Their newfound liberation didn't extend to crossing Trump, but because the president's political vision isn't exactly what you'd call fleshed out, there's a lot of running room within his paradigm.
The post-2020, post-Trump Republican future is contained in those leaps. And that future is embodied by a small group of Republican senators in their 40s, including Marco Rubio, Josh Hawley, Tom Cotton and Ben Sasse. They all came of age when Reaganism was already in the rearview mirror. Though populist, three of them have advanced degrees from Harvard or Yale.
Each has a different vision of where the country should go, but they start with certain common Trumpian premises:
Everything is not okay. The free market is not working well. Wages are stagnant. Too much power is in the hands of the corporate elites. Middle America is getting screwed. Finance capitalism is unbalanced. American society is in abject decline. If Reaganism was "Let's be free," the new mood is "Take control".
Economic libertarianism is not the answer. Free markets alone won't solve our problems. GDP growth alone is not the be-all and end-all of politics. We need policies to shore up the conservative units of society — family, neighbourhood, faith, nation. We need policies that build solidarity, not just liberty.
The working class is the heart of the Republican Party. Once, businesspeople and entrepreneurs were at the centre of the Republican imagination. Now it's clear the party needs to stop catering to the corporate class and start focusing on the shop owners, the plumbers, the salaried workers. It needs to emphasise the dignity of work and honour those who are not trying to make millions, not looking for handouts, but just want to build middle-class lives in a stable social order. In Britain, the Conservative Party has built a majority around the working class, and that's what Republicans need to do here.
China changes everything. The rise of a 1.4-billion-person authoritarian superpower means that free trade no longer works because the Chinese are not playing by the same rules. The US government cannot just stand back and let China control the new technologies. "Republicans are going to have to get used to the idea of industrial policy to counter China, at least in a few key industries," Mike Gallagher, a rising star among House Republicans, told me.
Many of the post-Reagan positions seem like steps to the left. But these Republicans combine a greater willingness to use government with a greater hostility to the managerial class. The solution to too much corporate power is not handing power to Elizabeth Warren and a cloud of federal regulators. There's a difference between empowering workers and empowering the Washington elite.
From these common premises the four senators go off in different directions.
Rubio bases his vision in Catholic social teaching.
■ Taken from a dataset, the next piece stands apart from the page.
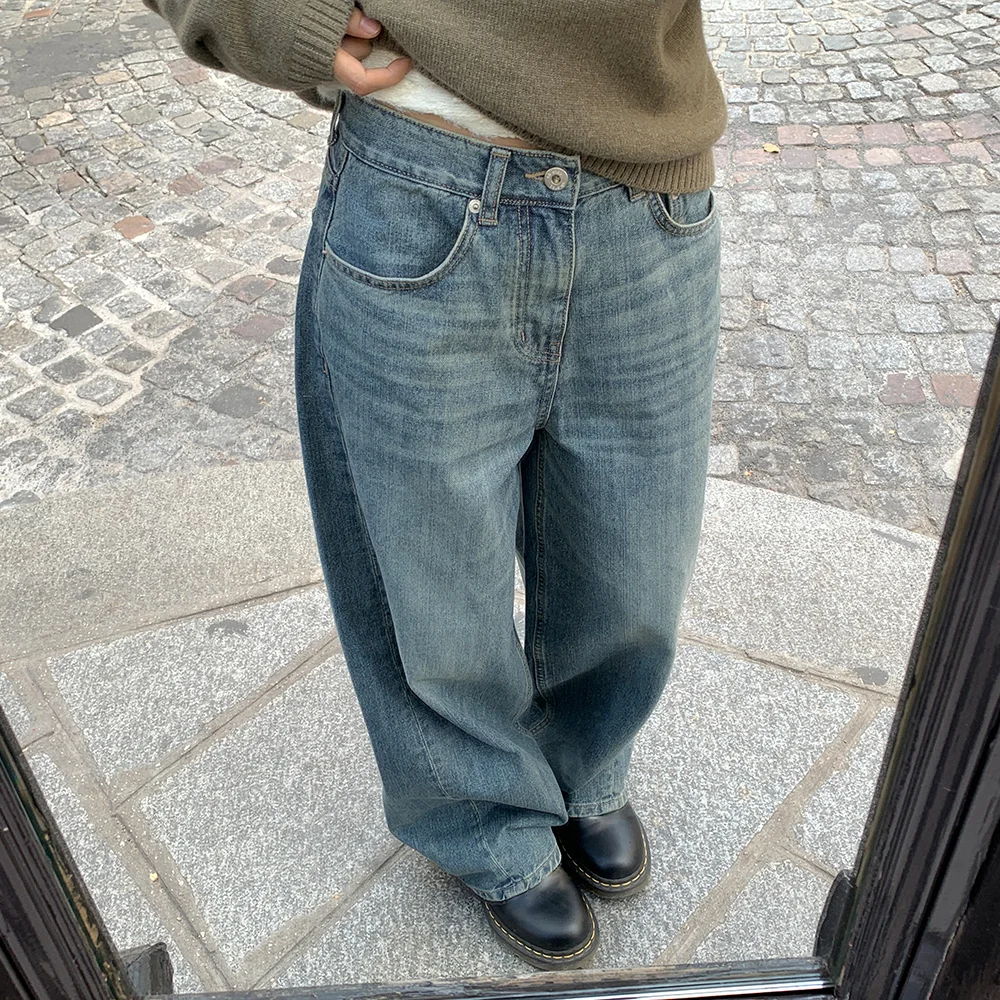 Loose curve denim (middle blue)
A year ago, he wrote an essay for First Things titled, What Economics Is For, arguing that the purpose of markets is not growth but allowing each person to find dignity in work.
He followed that up with a speech at Catholic University calling for "common-good capitalism" (remember what I said about modifying phrases) in which he criticised contemporary capitalism for its obsessive focus on maximising shareholder value.
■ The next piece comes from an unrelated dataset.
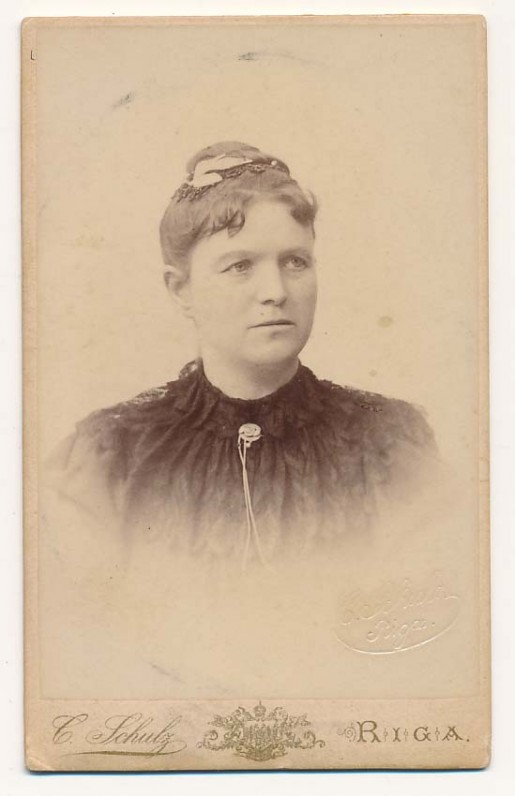 Motina Elžbieta Jarulaitytė-Kymantienė (1858–1937). C. Šulco nuotrauka. Ryga, 1890 m.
His basic position is that American capitalism has become too much about finance. It needs to be balanced toward manufacturing. He, too, supports a "pro-American industrial policy" to meet the Chinese challenge.
Hawley is the most populist of the group. His core belief is that middle-class Americans have been betrayed by elites on every level — political elites, cultural elites, financial elites. The modern leadership class has one set of values — globalisation, cosmopolitanism — and the Middle Americans have another set — family, home, rootedness, nation. Corporate elites have concentrated so much power that they now crush the yeomen masses.
Last November, Hawley gave a speech in which he sought to overturn the past 70 years of Republican foreign policy. He contended the right had erred in trying to spread American values abroad. "Imperial domination violates our principles and it threatens our character. Our aim must be to prevent imperialism, not to exercise it; to stop domination, not foster it," he said.
Cotton has a less developed political vision but a more developed attitude: hawkishness. Whether it's China, the left, immigration or Big Tech, Cotton is hawkish. He is the most vocal foe of the Chinese "pariah state". He wants sharp reductions in legal immigration.
Sasse is the most sociological of the crew. He is a Tocquevillian localist, who notes that most normal Americans go days without thinking of national politics. His vision is centred on the small associations — neighbourhood groups, high school football teams, churches and community centers — where people find their greatest joys, satisfactions and supports. Government's job, he says, is to "create a framework of ordered liberty" so that people can make their family and neighbourhood the centre of their lives.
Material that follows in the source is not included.